For those worried about world energy supplies, a trip to the huge gas processing centre at Ras Laffan in Qatar's desert might offer reassurance -- but it's also unsettling. The statistics are as overwhelming as the mile upon mile of steel tubing, shimmering like a mirage in the desert heat.
About 80 km (50 miles) north of the Qatari capital Doha, Ras Laffan Industrial City stretches over more than 100 sq km (39 sq miles). In June, the latest of a series of mega-projects came onstream, taking investment to more than $80 billion and raising production of Liquefied Natural Gas (LNG) -- deemed vital to meeting escalating energy demand -- to 25 million tonnes a year.
But Ras Laffan is not immune to security concerns that have pushed oil prices higher or to a skills shortage found across the energy industry. For now, government officials in the tiny Gulf Arab state are focusing on the achievements of their LNG projects.
"This is a big success story for us," Qatari Oil Minister Abdullah al-Attiyah told Reuters. "Our target is to reach 77 million tonnes by 2011," he said, adding that by then Qatar would be the world's biggest exporter of LNG. Qatar's LNG is drawn from its giant North Field.
Energy experts believe the reserve is the world's largest single field of non-associated gas, or gas from a reservoir that does not contain significant quantities of crude oil.
Cooled to minus 259 degrees Fahrenheit (minus 161 degrees Celsius), LNG resembles boiling water and, unlike conventional gas, which relies on pipelines for delivery, it can be shipped to markets around the world.
The cooling process is carried out by state company Qatar Petroleum and its unit Ras Laffan Liquefied Natural Gas Company Limited, in partnership with international oil companies, including ExxonMobil, ConocoPhillips and Royal Dutch Shell.
The first LNG cargo sailed from Ras Laffan to Japan in 1996. LNG from Ras Laffan is now also bound for Spain, South Korea and India and, by around 2009, should also be reaching Britain, Italy, France, Taiwan and the United States.
As well as exporting LNG, Ras Laffan will also ship gas in other forms, including around 180,000 barrels per day by 2011 of gas to liquids (GTL), used to make products like diesel.
"It's highly impressive to go from the first cargo in 1996 and around 10 years later to become the world's biggest exporter of LNG," said Frank Harris, LNG analyst at Wood Mackenzie.
Cargoes are shipped out of the world's largest LNG exporting port, alongside the industrial city.
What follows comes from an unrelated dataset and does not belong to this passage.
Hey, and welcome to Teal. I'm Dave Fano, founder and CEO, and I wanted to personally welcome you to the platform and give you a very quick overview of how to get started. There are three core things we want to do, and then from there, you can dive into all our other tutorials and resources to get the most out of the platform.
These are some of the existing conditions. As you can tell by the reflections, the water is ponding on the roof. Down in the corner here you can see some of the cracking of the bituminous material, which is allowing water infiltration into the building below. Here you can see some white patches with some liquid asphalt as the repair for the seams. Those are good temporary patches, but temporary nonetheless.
The port is still under construction and has yet to acquire the feel of a bustling harbour. As elsewhere in Ras Laffan, human beings are conspicuous by their absence.
Often the only signs of people are the abandoned bicycles, used by Ras Laffan workers to travel the huge distances of the vast, purpose-built industrial park. Many of the 20,000-strong workforce live in camps, while engineers and administrators tend to live in the nearest city of Al Khor, which is being developed into a tourist resort.
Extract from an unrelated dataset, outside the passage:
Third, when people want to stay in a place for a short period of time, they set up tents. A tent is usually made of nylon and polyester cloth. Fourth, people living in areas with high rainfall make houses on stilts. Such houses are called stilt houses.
And getting enough qualified staff is one of Qatar's challenges as it works to boost production. An engineer met by Reuters during a visit said he would have retired, but had been persuaded to stay on because of the shortage of oil specialists.
Shortage of expertise is, to an extent, a problem throughout the energy sector, but it is acute in this tiny Gulf Arab state with a native population of only around 150,000.
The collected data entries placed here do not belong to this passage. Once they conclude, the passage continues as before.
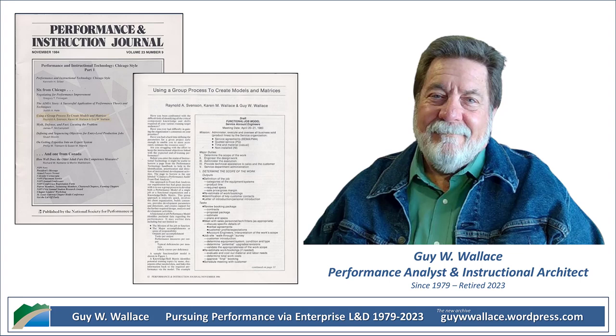It would be incredibly valuable for onboarding new hires too — you could basically hand them a roadmap of what they need to learn to be successful in their new role. And it brings a whole new level of transparency to the training process. Coming up, we'll dig into how this 1984 approach compares to how we design training programs in the 21st century.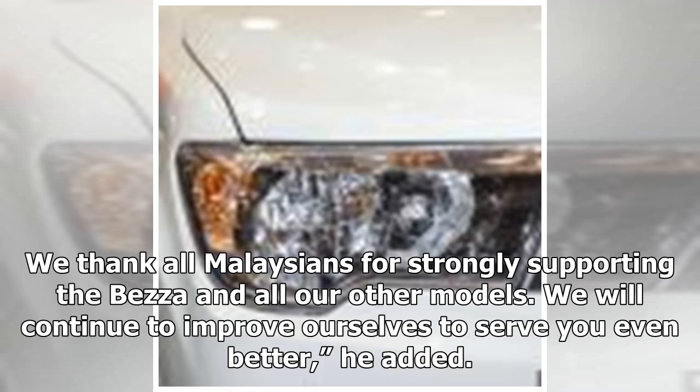We thank all Malaysians for strongly supporting the Beza and all our other models. We will continue to improve ourselves to serve you even better, he added.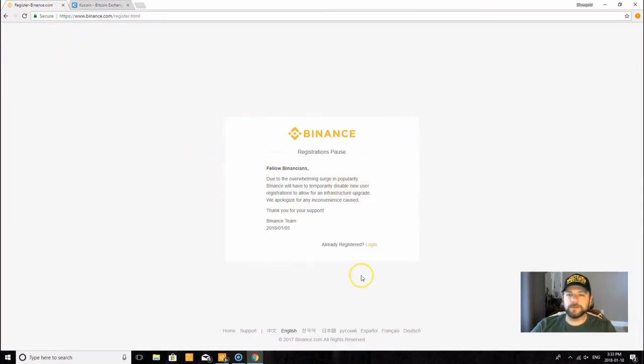I came over here to register on Binance and as you can see, due to the overwhelming surge in popularity, Binance has temporarily disabled new user registrations to allow for infrastructure upgrades. We apologize for any inconvenience caused. That's actually really good news — not for anybody who wanted a tutorial on how to register, but good news because that means almost every exchange is being overwhelmed by people joining and getting in on the cryptocurrency game.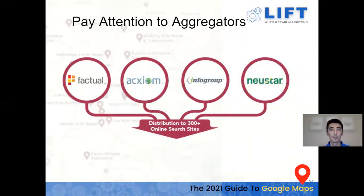One way we help clients get into as many citations as possible is through data aggregators — the big four are Factual, Axiom, InfoGroup, and Neustar. You type your business information into one of these systems and they blast it out to all the different citation websites, so you only need to update one place. They are paid, but they save a lot of time. They're especially useful if you move your shop and need to update your address across the board.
The petrochemical industry has, however, lured people from all over the world, many of whom are manual labourers from the Indian subcontinent. They have helped take the total population to around 850,000. Another issue is security.
The North Field -- which covers 6,000 sq km (2,317 sq miles) and holds 20 percent of the world's proven gas reserves -- borders on Iran, which is locked in a battle of words with the West about its nuclear programme.
Concerns about possible disruption of Iranian oil supplies are among factors that have helped to push the price of oil to record levels. Qatar's oil minister insists security is tight. He also brushed aside concerns that rising costs, inflated by a surge in prices for base metals used in building infrastructure, could deter potential investors.
"We built all our LNG terminals at the right time so we are not worried about market issues," Attiyah said. But any future growth will have to be measured and Qatar will not embark on a second wave of expansion unless it is certain it would not compromise the North Field's lifespan, the minister has said.
"We have to be very careful (with the North Field)," he said. "We have to pay a lot of attention to the reservoir, we don't want to damage it." It's a legitimate concern, but analysts also point out that limiting access to Qatar's now highly sought-after reserves will give Qatar even more bargaining power when the time comes to seek partners to extract the next generation of LNG.